ウガンダ・ルワンダ マウンテンゴリラ&ゴールデンモンキートレッキング」のツアーでは、間近に野生のマウンテンゴリラを観察できるトレッキングにご案内いたします。

標高2,000m前後の高地にあり、アフリカ原生林の姿を留めているウガンダのブウィンディ原生国立公園。1994年に世界自然遺産に登録されたこの公園では、360頭ほどのマウンテンゴリラが生息しています。

 

マウンテンゴリラとは

 

世界でウガンダ、ルワンダ、コンゴ民主共和国の3ヶ国の国境に広がるアルバータイン地溝帯にのみ生息しており、体は西アフリカなどに生息するローランドゴリラより大きく、長い毛を持ちます。雄の成獣は背中の毛が白くなるためシルバーバックと呼ばれ、身長170cm前後、体重は250kgを越えます。

 

一時、乱獲によって絶滅の危機に瀕していたマウンテンゴリラですが、20 世紀中頃から科学的な研究が進められるようになり、保護運動が開始されました。現在では、密猟者から守るためにレンジャーやトラッカーが一日中ゴリラを観察しています。そのおかげで、今では600 頭あまりのマウンテンゴリラが確認されるまでに回復してきました。

 

ゴリラが人に慣れるまで

ゴリラトラッキングが開始されるまでには、公園側で長い準備期間があります。まず、人間が近づいてもストレスにならないよう、ゴリラの「ハビチュエーション」(人に慣れさせること)を行わなくてはなりません。レンジャーが、初めは200m くらい離れたところから観察を始めて、だんだん距離を縮めていくそうです。もし近づきすぎて威嚇してきたりした場合はもう少し距離を置いて様子を見ます。

 

こうして徐々に接近していって、ゴリラがそのレンジャーに馴れるのに約6 ヶ月かかります。そこから不特定多数の観光客が覗きに来ても大丈夫になるまでには、さらに6~12 ヶ月かかります。ブウィンディ原生国立公園では設立の1991 年からハビチュエーションを開始し、1993 年からゴリラトラッキングが行われるようになりました。

 

マウンテンゴリラトレッキング・レポート

 

トレッキングの日、早朝まだ暗い時間に起きて朝食を取り、車でロッジからブウィンディ原生国立公園のブリーフィングポイントへ向かいました。しばらく待っていると、続々と欧米からの観光客がやってきて、最終的に50人ほどになりました。

ゴリラトレッキングのブリーフィングポイント

 

まずレンジャーから国立公園の概要やゴリラの数、トレッキング時のルールなどの説明を受け、その後各8人ずつのグループに分かれ、どのゴリラのファミリーに出会いに行くかが決まります。
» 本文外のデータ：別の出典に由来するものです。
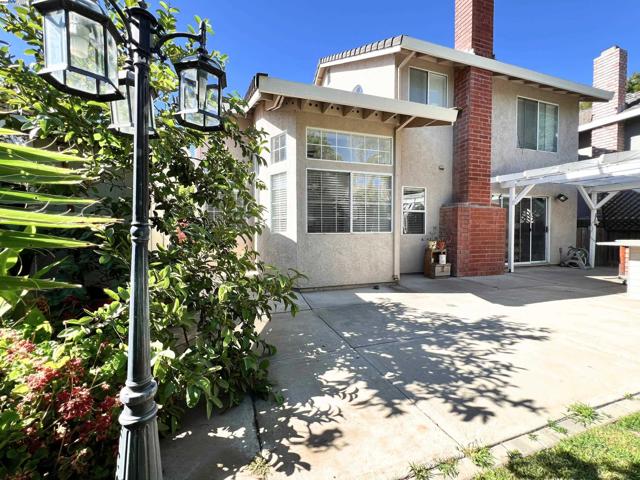 85 Phillips Ct, Tracy CA: https://media.crmls.org/mediaz/50369001-daaf-4ac9-8ccf-c2c7e63da6e2.jpg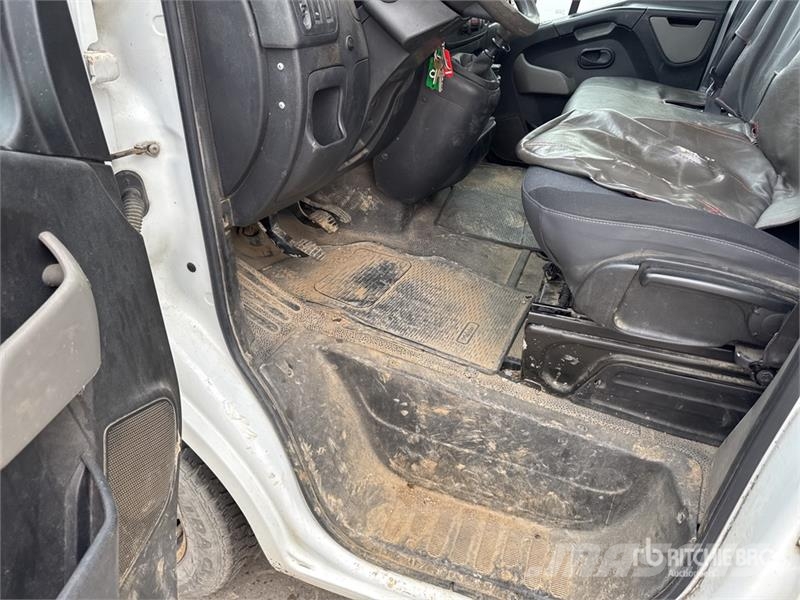 Renault Master dCi 125 Vehicule Utilitaire Cargo Van Furgonetas /Furgón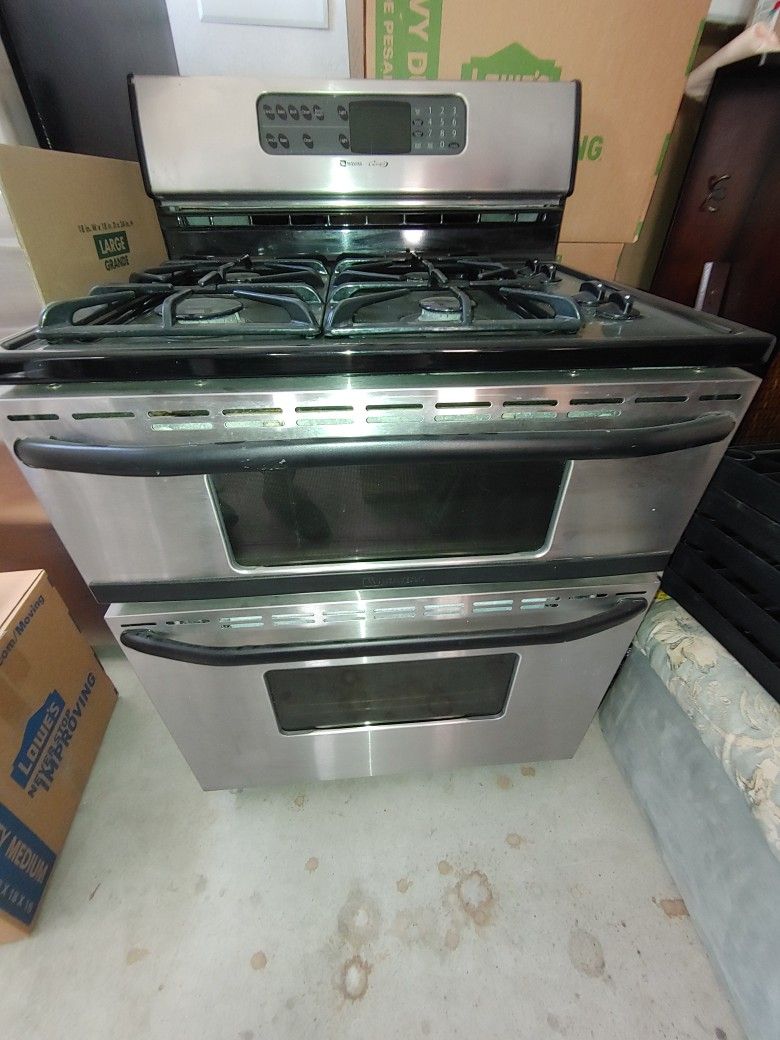 Maytag Gemini. gas double oven 30" stove for Sale in Hemet, CA OfferUp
今回、我々は”MISHAYA”(ミシャヤ)というファミリーに出会いにいくことになりました。

レンジャーより説明を受ける

 

トレッキングではゴリラに負担をかけないよう厳重に人数が制限されており、各ゴリラのグループにつき1日8人までとされています。また、ゴリラに極度のストレスを与えないよう、風邪などの病気の人は参加を辞退する、くしゃみや咳をするときは後ろを向いてする、ゴリラを発見したらこちらからは7m以内に近づかない、観察中の飲食・喫煙は禁止、などのルールがあります。

 

ゴリラのグループがどこに居るかによって、どれくらい歩くかが変わってきます。トレッキング中、レンジャーが無線で連絡を取り合いゴリラ達の場所を把握して歩くため、95%以上の確率でゴリラと出会うことができます。

 

ブリーフィングポイントを出発して、期待を膨らませながら1列になり緩やかな坂道を登っていきます。足元は湿った土で滑りやすいものの、蔦のような植物が生えていたおかげでスムーズに登っていくことができました。

絶妙なバランスで頭に水を乗せるポーターの青年

トレッキング中の景色

 

1時間弱したところで、道を外れて「こんなところに行けるの?」という目を疑うような、道なき急斜面を進んでいくレンジャー。ゴリラに出会うため、ポーターの手を借りながら必死に下りていきました。

 

10分ほど急斜面を進み、皆さんが息を整えているとレンジャーより「ゴリラがすぐ近くに居るので荷物を置いて近づく」との情報。荷物を置いて静かに近づいていくと、雄のシルバーバックが見え、その後ファミリーに出会うことができました。

 

そっと、あまり音を出さないように近づいていきました。じっくり観察していると、赤ちゃんゴリラが母親に甘えたり、兄弟同士が喧嘩している様子が分かり、森の中ではありますが人間と同じような行動をしていることに気づき、微笑ましくなりました。

 

ゴリラのグループに出会ってから、観察が許可されるのは1時間のみ。1時間というと長いように感じますが、森の中に暮らすマウンテンゴリラのファミリーの愛らしい姿を眺めて幸福感に浸っていると、あっという間に時間が経ってしまいました。

 

大変名残惜しい中、その場を後にして来た道を戻りました。今回は、観察時間を含めて全体で3時間ほど。合計5~6時間かかることがある中、かなり順調に進みました。

帰り道も険しい…

 

ブリーフィングポイントに戻り、証明書を授与されゴリラに出会えた喜びの余韻に浸りました。時間が長くなったときのためにランチボックスを持ってきていましたが、早めに終わることができたのでロッジに戻り、見晴らしの良いテラスで食べることにしました。

ゴリラトレッキング証明書

ロッジのテラスでランチ

 

今回のように険しい道を進むこともあるトレッキングですが、15ドル程度でポーターを雇うことができます。荷物を持ってもらえるほか、手をとってサポートしてくれますので安心してご参加いただけます。ぜひ、野生のマウンテンゴリラファミリーの生活を間近に感じていただけたらと思います。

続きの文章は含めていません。